● **DATA EXTRACTS**
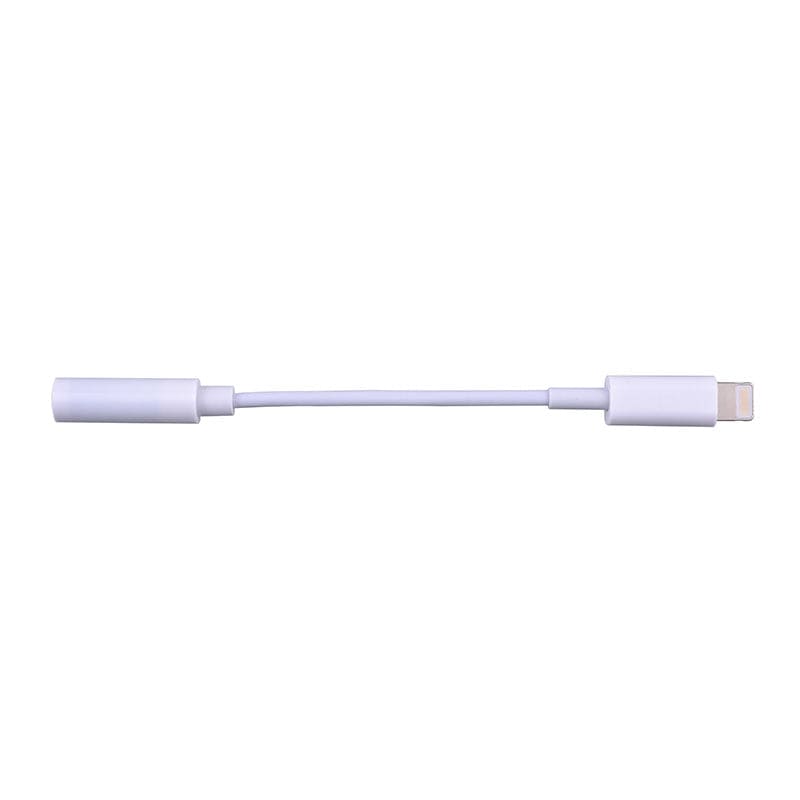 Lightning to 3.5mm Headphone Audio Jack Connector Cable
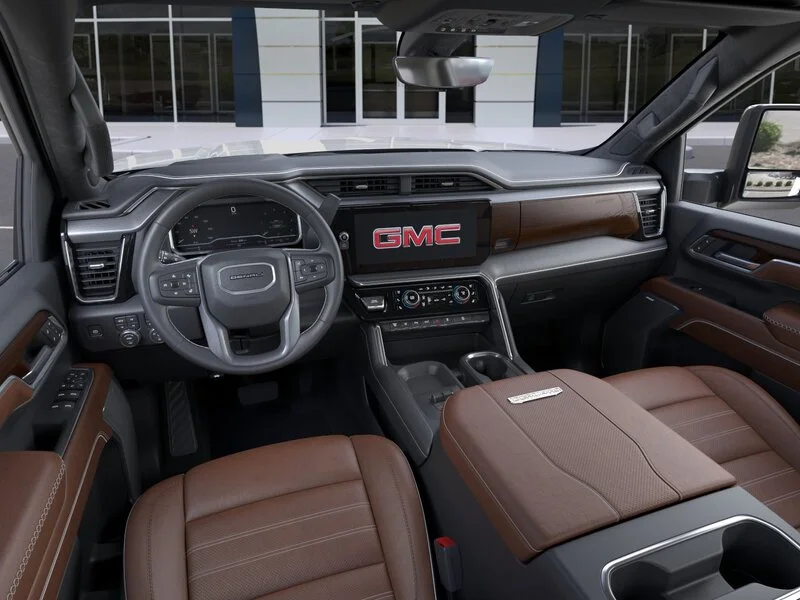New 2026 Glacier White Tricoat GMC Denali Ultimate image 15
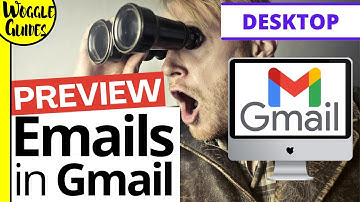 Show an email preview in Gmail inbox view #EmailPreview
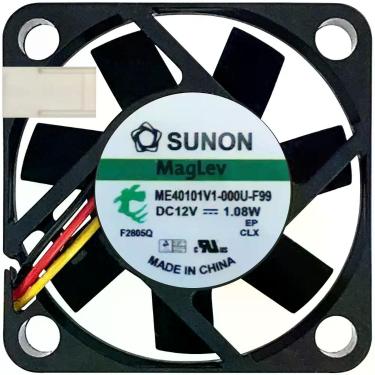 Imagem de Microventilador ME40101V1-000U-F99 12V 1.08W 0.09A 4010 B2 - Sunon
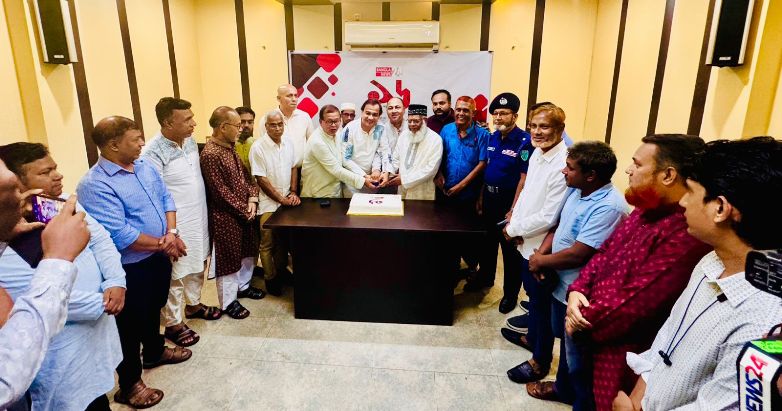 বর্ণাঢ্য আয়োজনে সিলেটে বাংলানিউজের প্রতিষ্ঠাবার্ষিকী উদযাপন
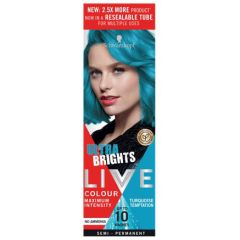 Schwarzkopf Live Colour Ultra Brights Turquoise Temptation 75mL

● **WORK REQUIRED**
Print every record above exactly, with no pictures.

● **ANSWER**
 Lightning to 3.5mm Headphone Audio Jack Connector Cable
New 2026 Glacier White Tricoat GMC Denali Ultimate image 15
 Show an email preview in Gmail inbox view #EmailPreview
 Imagem de Microventilador ME40101V1-000U-F99 12V 1.08W 0.09A 4010 B2 - Sunon
 বর্ণাঢ্য আয়োজনে সিলেটে বাংলানিউজের প্রতিষ্ঠাবার্ষিকী উদযাপন
 Schwarzkopf Live Colour Ultra Brights Turquoise Temptation 75mL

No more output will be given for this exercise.